Grace nodded, wiping away another tear. ‘I thought I’d done something wrong to deserve such pain. Dad and I were inconsolable for a while. But then I remembered Mum’s face as she’d told me how proud she was of me, getting stuck into my studies again and working hard for my future. I knew I couldn’t give up, so I decided I’d get through the HSC successfully no matter what.’ A triumphant smile grew on Grace’s face, and she readjusted her position on the bed, seeming stronger already.

‘She’d be even more proud of you now, I’m sure of it,’ Sylvia said. When she’d handed Grace over after she was born, she never imagined her baby would end up going through all of this. Sylvia spent time with teenagers and young children suffering from cancer during her oncology placements as a trainee doctor, and the thing that struck her most was their sense of being older and wiser than others their age.
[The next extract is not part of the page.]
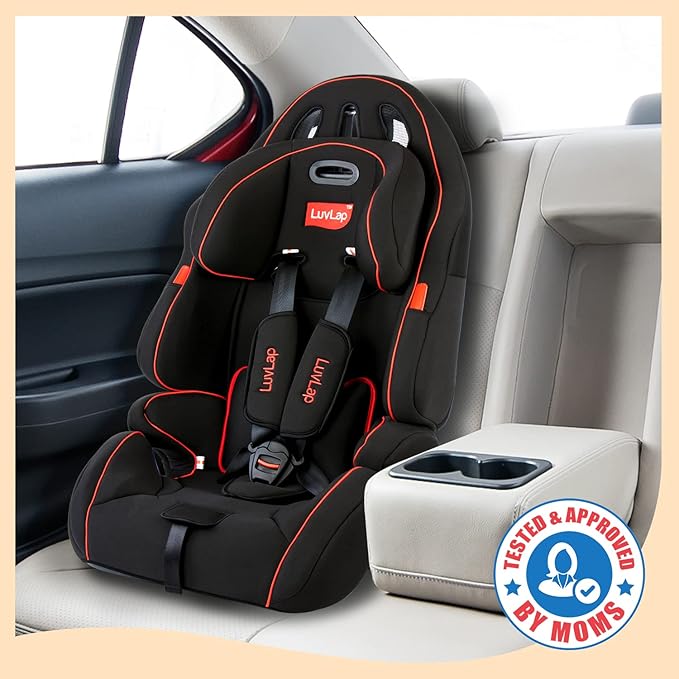 Black LuvLap baby car seat for kids aged 9 months to 12 years with 5-point safety harness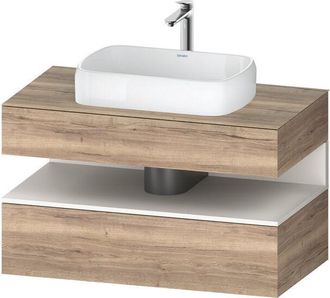 Duravit Duravit - Qatego Consola Mueble Bajo Lavabo, 1 Extra&iacute;ble, 1 Caj&oacute;n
Their experience etched onto their faces, hiding the innocence and invincibility that once lay beneath. ‘I’m proud of you too, Grace,’ Sylvia whispered as she exhaled slowly, her tense concern from earlier softening into acceptance and admiration.

‘Thanks, that means a lot,’ Grace replied. ‘And from now on, I promise to be more consistent with my medical check-ups. I can’t believe I ended up in here—it was exactly what I was trying to avoid!’

‘Well now that I know your secret, don’t expect me to forget it. If you miss any appointments or tests you’ll have me to answer to, young lady,’ Sylvia said, waving her finger at Grace.

‘Oooh, I’m scared.’ Grace pretended to hide under her blanket, and Sylvia laughed. ‘I’m sorry I ruined your birthday. Of all the days for this to happen.’ Grace sat up.

‘Don’t worry about that, your health is much more important. Besides, you saved me from overindulging in a fat, sugar, and cholesterol-laden dessert. You may have saved
my
life, you know!’ Sylvia said, glad to see a smile on Grace’s face.

‘I don’t know about that, you’ve got to enjoy life while you’ve got it. Eat the dessert, I say!’

‘I won’t tell Mark you said that.’

‘Good,’ Grace replied. ‘I’m glad Mark was there tonight, he was like a knight in shining armour, rescuing me from my moment of distress.’ She giggled.

Mark. He was still out there waiting. Sylvia felt incredibly grateful he’d been there tonight; he seemed more in control than she was, and that was saying something. For a moment she felt she should check on him, wondering if being here was triggering memories he’d rather forget.

‘I feel bad though, I didn’t follow through with the tests he told me to get,’ Grace continued. ‘When he did the live blood analysis he said my red blood cells weren’t of “optimal shape and size” and that I should get a full blood count, and iron studies done, along with some other things, but I can’t remember. Maybe if I’d listened to him this wouldn’t have happened.’